TASK GOAL. Reproduce every line below exactly as written; do not include the images.

PROVIDED MATERIAL.

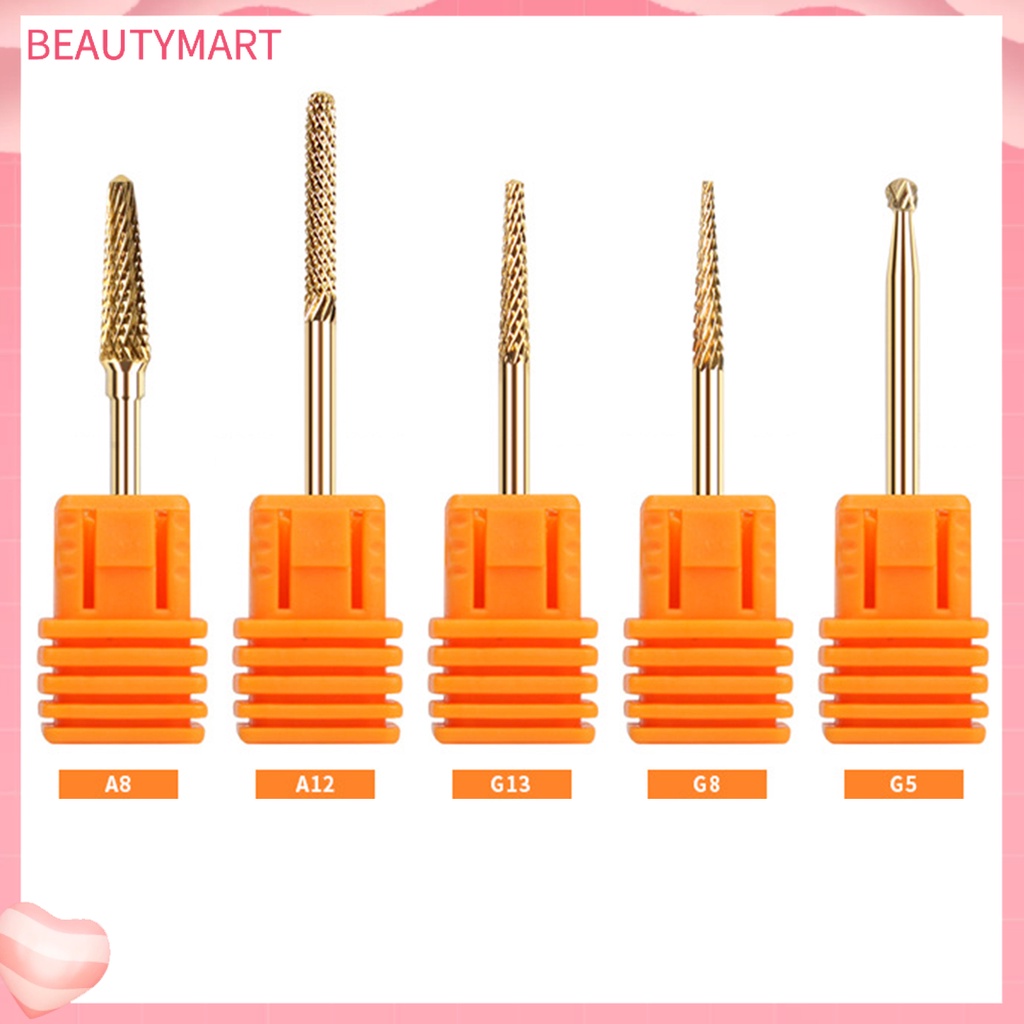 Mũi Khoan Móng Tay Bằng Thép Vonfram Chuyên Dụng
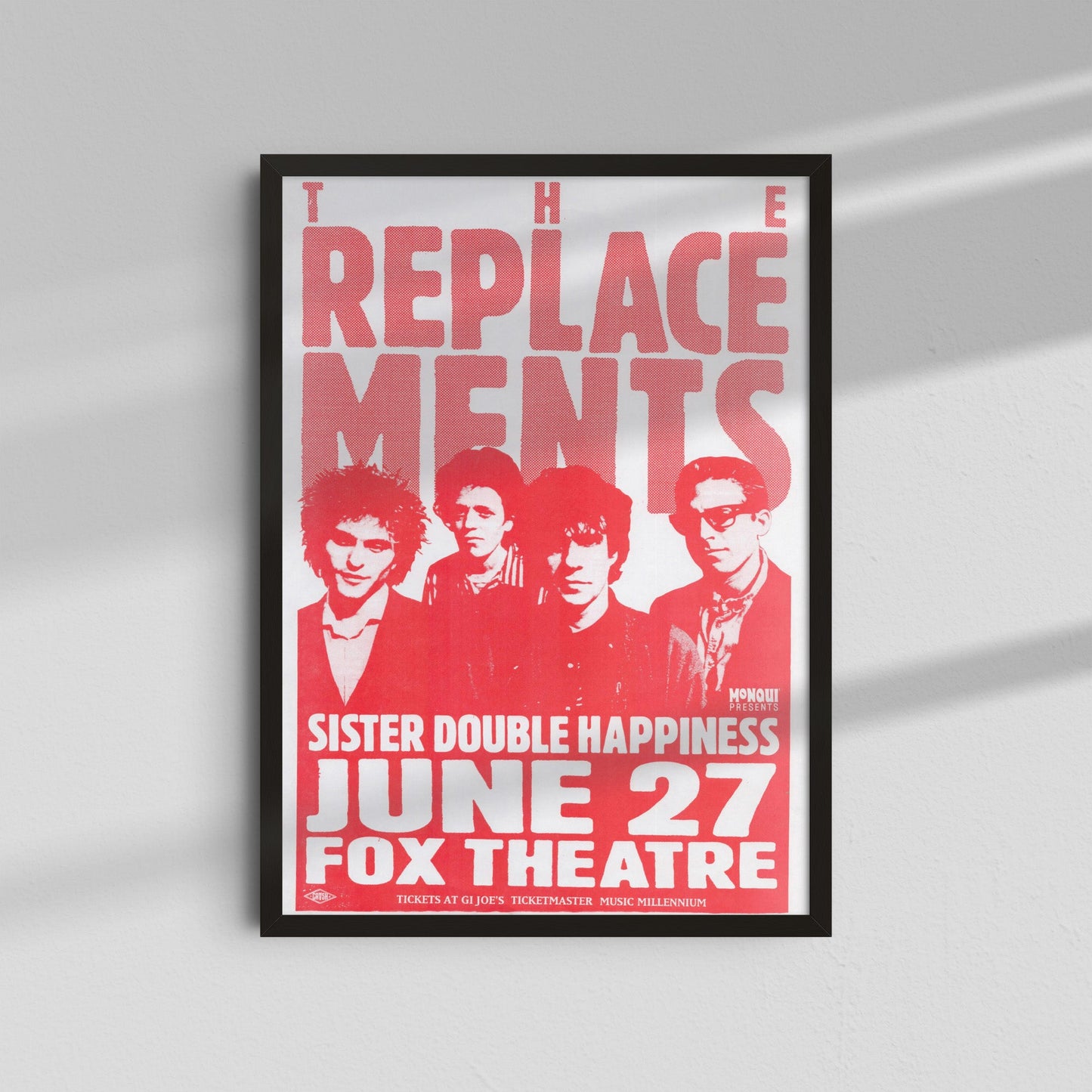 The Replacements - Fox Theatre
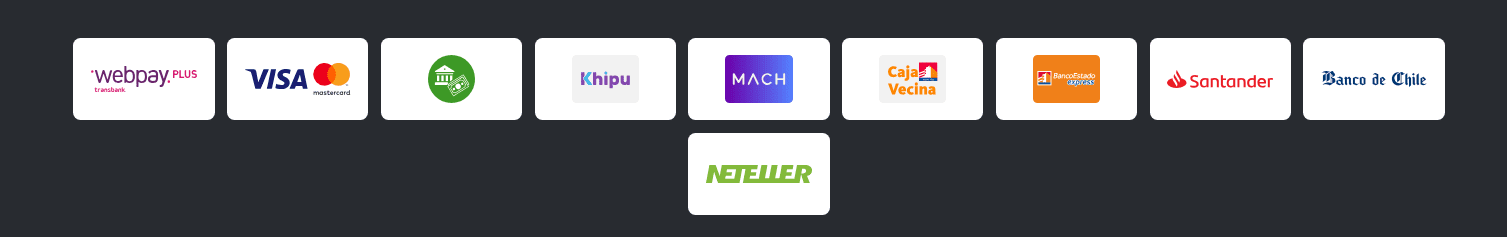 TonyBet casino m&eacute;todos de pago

EXERCISE RESULT.
 Mũi Khoan Móng Tay Bằng Thép Vonfram Chuyên Dụng
 The Replacements - Fox Theatre
 TonyBet casino m&eacute;todos de pago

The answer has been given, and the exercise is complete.